I somehow grew up believing that quitters were bad, unambitious people who never amounted to anything, vagrants not worth the cardboard they slept beneath. Quitting revealed a basic flaw in one's character. Quitters didn't have the stuff to stick it out when the going got tough.
I'd wanted to quit a bunch of things, as a kid, but I didn't. Now I think maybe I should have. I took geometry, trigonometry and calculus. I started to get lost about three weeks into my first freshman term and never really found my way out of the confusion. This continuous floundering in the Pits of Pi caused tremendous stress and made me feel intellectually inept. I've never completely recovered. So in college I took Math 101 pass-fail, passed by a hair (I have no idea what that is in metrics), and have not opened a math book since.
And Spanish! Mi Gloria! Why did I have to take four years of Spanish? Why couldn't I have taken two years like some of the other kids? No one spoke Spanish within three hundred miles of my town except maybe my Spanish teacher, and I don't think he spoke it very well. I know I couldn't understand a word he said.
Looking back I can't recognize any rewards for toughing it out. I should have quit. But it was too scary at the time. There were too many unanswered questions like, Would I end up sleeping over a heating vent or would I have to marry someone in the eighth grade? Well, yes, probably. Those are the kinds of things that happen to quitters.
I remember the first time I quit something on my own. I didn't do it very well. I'd played high school football for four years, and surprisingly, I'd been fairly good despite the fact that I never really liked the game or the competition. What I enjoyed was the team camaraderie and particularly the attention I received in my little town. I was fortunate to play on teams that, by my senior year, had won twenty-three games in a row. So a number of my teammates and I received letters from interested college recruiters. The truth is I didn't have the desire or the talent to play college football. However, several colleges couldn't tell that from my game films. I should have gotten out of the game when I had the opportunity to do so with honor, but I didn't even know how to quit when I had the chance.
It turned out to be worse than I could have imagined. My first-year-coach, Coach Vader (no relation), was a maniac. You remember Woody Hayes when he went nuts on national TV and beat up one of his young players? Remember Bobby Knight and his folding chairs? Remember Jack Nicholson in The Shining? Then you get the idea. Coach Vader berated us in practice, screaming at us nonstop even during meals, his face only inches from the side of our heads. We awakened in the dark each morning to his voice taunting us over the dormitory intercom. (Actually many of us had never gotten to sleep.)

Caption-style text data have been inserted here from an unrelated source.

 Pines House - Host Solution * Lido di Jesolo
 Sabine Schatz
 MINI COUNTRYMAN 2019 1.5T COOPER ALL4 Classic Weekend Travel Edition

It was so bad that two tri-captains, with distinguished college careers, quit on Friday, five days into the preseason. I only made it to Thursday. I didn't even have the guts to talk to the coach. At 5:30 in the morning, on the way to the field house for ankle taping, I turned around, hopped a Chicago cab, and rode off in the sunrise.
The cabby said, "A donde vas?" but of course I didn't understand.
"Take me to my aunts in Brookfield," I said extra loudly presuming that the louder I spoke the better he might understand English.
We drove for an hour or so, and I began to wonder if my cabby was not only driving me to my aunt's but also taking me for a ride. It seemed as though we passed the same shopping center quite a few times, though perhaps there could be a chain of Laundromats called Ronnie's One and Only Cleaner. Several hours later, he collected a good portion of my fall tuition with a big smile and a "Muchas gracias, senor!"
I said the only Spanish that came to mind, "Que sera, sera. Feliz Navidad."
I stayed with my aunt for a couple of weeks until school began. I'd only been on my own for four days, and already I was a quitter.
In retrospect, I now think I did the right thing. My mistake was to begin in the first place. One plays college football for the love of the game, or at least for the love of the scholarship money, but I played for neither. I played because I didn't know how to stop. I didn't know that I could be me without a helmet in the autumn. I didn't know that people would like me even if I wasn't a great athlete.
So I quit football and then I began to find the rest of my life. I auditioned for and was chosen to sing in the college choir. I signed up to sing in a small group that represented my school. I played intramural football. I even studied and did well for the first time in my life, and I never had so much fun learning.
Hey, I'm not suggesting that anyone should make it a habit but maybe there is a time when the best thing is to call it quits.